Applied Category Theory Course: Ordered Sets

My applied category theory course based on Fong and Spivak’s book Seven Sketches is going well. Over 250 people have registered for the course, which allows them to ask question and discuss things. But even if you don’t register you can read my “lectures”.

We study the applications to logic—both classical logic based on subsets, and a nonstandard version of logic based on partitions. And we show how this math can be used to understand “generative effects”: situations where the whole is more than the sum of its parts. But the real payoff comes in Chapter 2, where we discuss “resource theories”.

Lecture 1 – Introduction
Lecture 2 – What is Applied Category Theory?
Lecture 3 – Chapter 1: Preorders
Lecture 4 – Chapter 1: Galois Connections
Lecture 5 – Chapter 1: Galois Connections
Lecture 6 – Chapter 1: Computing Adjoints
Lecture 7 – Chapter 1: Logic
Lecture 8 – Chapter 1: The Logic of Subsets
Lecture 9 – Chapter 1: Adjoints and the Logic of Subsets
Lecture 10 – Chapter 1: The Logic of Partitions
Lecture 11 – Chapter 1: The Poset of Partitions
Lecture 12 – Chapter 1: Generative Effects
Lecture 13 – Chapter 1: Pulling Back Partitions
Lecture 14 – Chapter 1: Adjoints, Joins and Meets
Lecture 15 – Chapter 1: Preserving Joins and Meets
Lecture 16 – Chapter 1: The Adjoint Functor Theorem for Posets
Lecture 17 – Chapter 1: The Grand Synthesis

If you want to discuss these things, please visit the Azimuth Forum and register! Use your full real name as your username, with no spaces, and use a real working email address. If you don’t, I won’t be able to register you. Your email address will be kept confidential.

I’m finding this course a great excuse to put my thoughts about category theory into a more organized form, and it’s displaced most of the time I used to spend on Google+. That’s what I wanted: the conversations in the course are more interesting!

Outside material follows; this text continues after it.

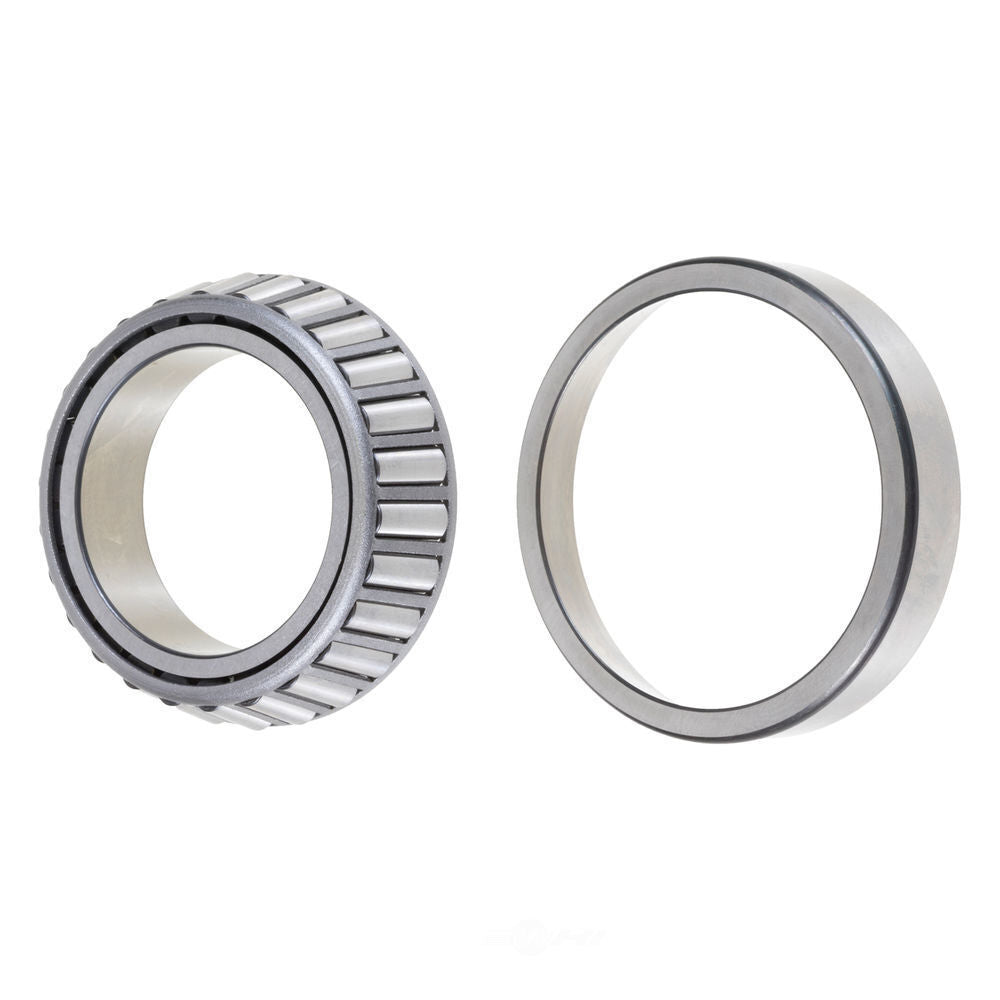 FAG 32010X Differential Bearing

2 Responses to Applied Category Theory Course: Ordered Sets

  1. Jorge says:

    Sadly it seems the links from the lectures are broken

    • John Baez says:

      Yes—that website is permanently gone, as explained here. However, you may be able to access the material on the Wayback Machine, here.

      Eventually I will take the lectures, turn them into a book, and put it on the arXiv.